Hillel Katz | |
---|---|
Born | |
Nationality | French |
Occupation | Active Resistance member |
Years active | 1933 to 1943 |
Organization | Red Orchestra ("Rote Kapelle") |
Known for | Secretary to Leopold Trepper |
Hillel Katz (born 24 September 1905 in Cieszyn, Austro-Hungarian Empire) was a Jewish Communist, who was an important member of a Soviet espionage network in occupied France, that the German Abwehr intelligence service later called the "Red Orchestra" ("Rote Kapelle"). [1] In the role of an underground executive and recruiter, [2] he acted as both secretary and assistant to Leopold Trepper and liaised between Léon Grossvogel and Henry Robinson in matters relating to the running of the French covert black market trading company Simex. [1] Katz had a number of aliases that he used to disguise his identity, including Andre Dubois, Rene and Le Petite Andre. [1]
Katz was a communist activist who met Trepper in Palestine, where his parents had settled. [3] His father was a teacher. [2] Katz moved to Toulouse in France, where he met and became the lover of Cécile Fichten, an activist member of the Mouvement Jeunes Communistes de France. [3] Together the couple had two children. [3]
He had a brother, Joseph Katz who held British citizenship. Joseph Katz was instrumental in establishing the Lyon safehouse that was established in 1937. [4]

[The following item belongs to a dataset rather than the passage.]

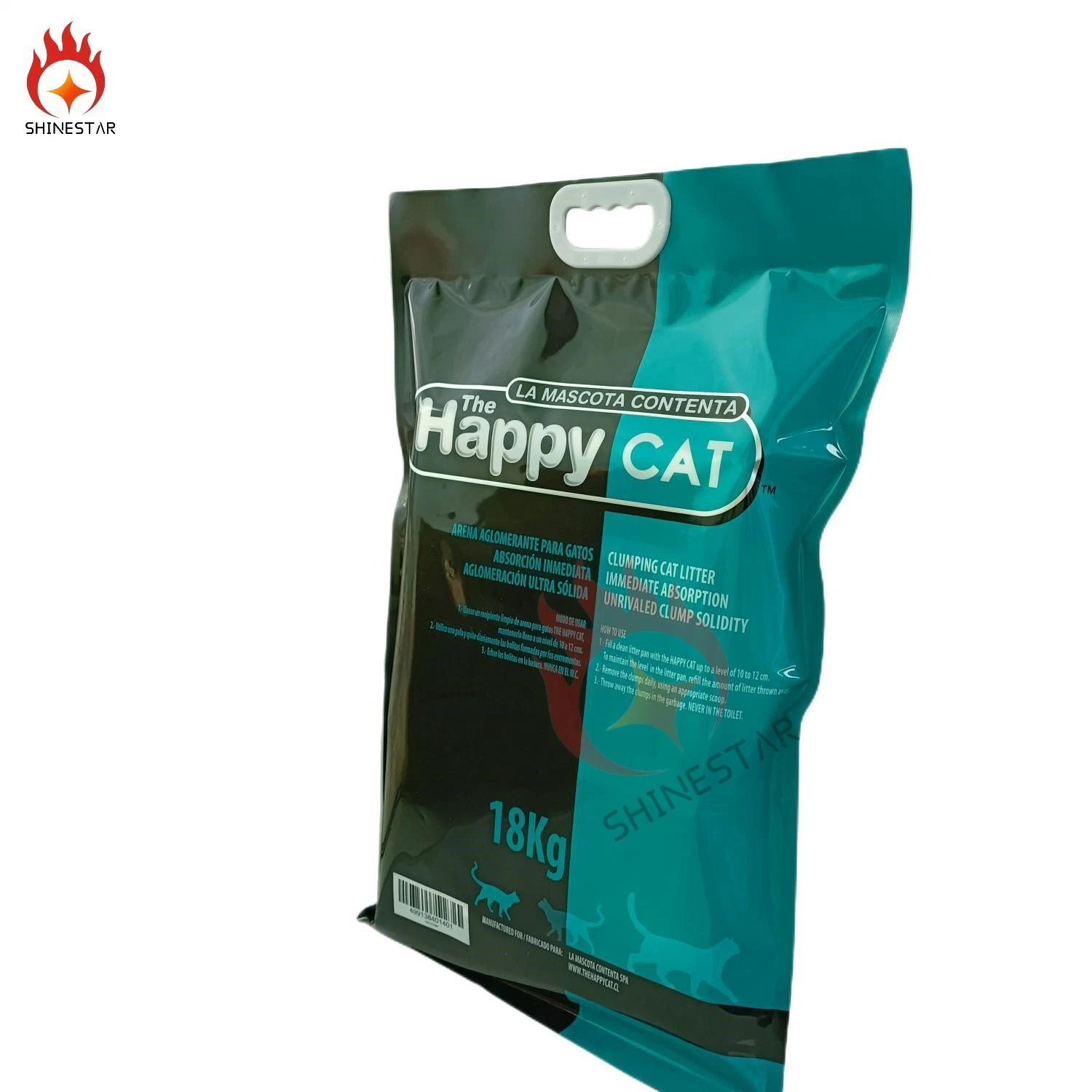 Big Plastic Packaging Bag with Handle Window for Pet Food Litter (18KG)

When he moved to Paris, Katz concealed his Jewish origins and legalised himself as a Frenchman under the name Andre Dubois. [5] In Paris, Katz was one of the two main assistants to Trepper, along with Leon Grossvogel. [6] Katz was totally dedicated, both to Trepper and the Communist cause. Trepper described him in a quote as: A mason, he knows how to handle the trowel and build a house. [2]

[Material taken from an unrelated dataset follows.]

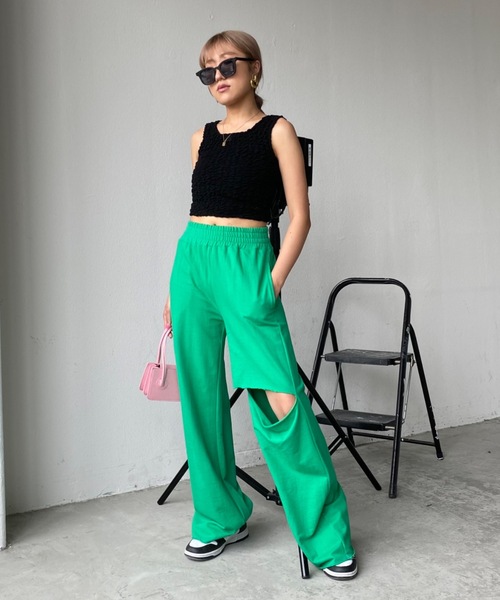 「SHAGGIE」 スウェットパンツ FREE ホワイト レディース_画像6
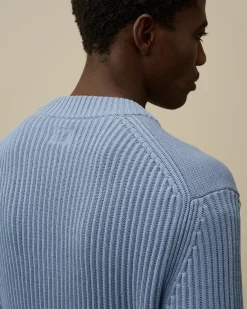 Jumpers<C.P. Company Re-Wool Funnel Neck Knit Flint Stone – Blue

Katz was particularly interested in educational reform, specifically in the modern and anti-authoritarian approach advocated by Célestin Freinet as well as the works of Maria Montessori. [2] Katz devoted his spare time to the groups of young people that lived in Vitry-sur-Seine, where he organised hiking via the Camping and Culture Association ("Association Camping et Culture"). [2]
During the late 1930s, Katz lived at 13 Quai Saint-Michel in Paris, where he was a member of the communist section of the 5th arrondissement of Paris. [7] During that period, Katz worked in a Racine bookshop where he managed the Youth fund. [7] The book shop was popular with militants and political refugees. [7]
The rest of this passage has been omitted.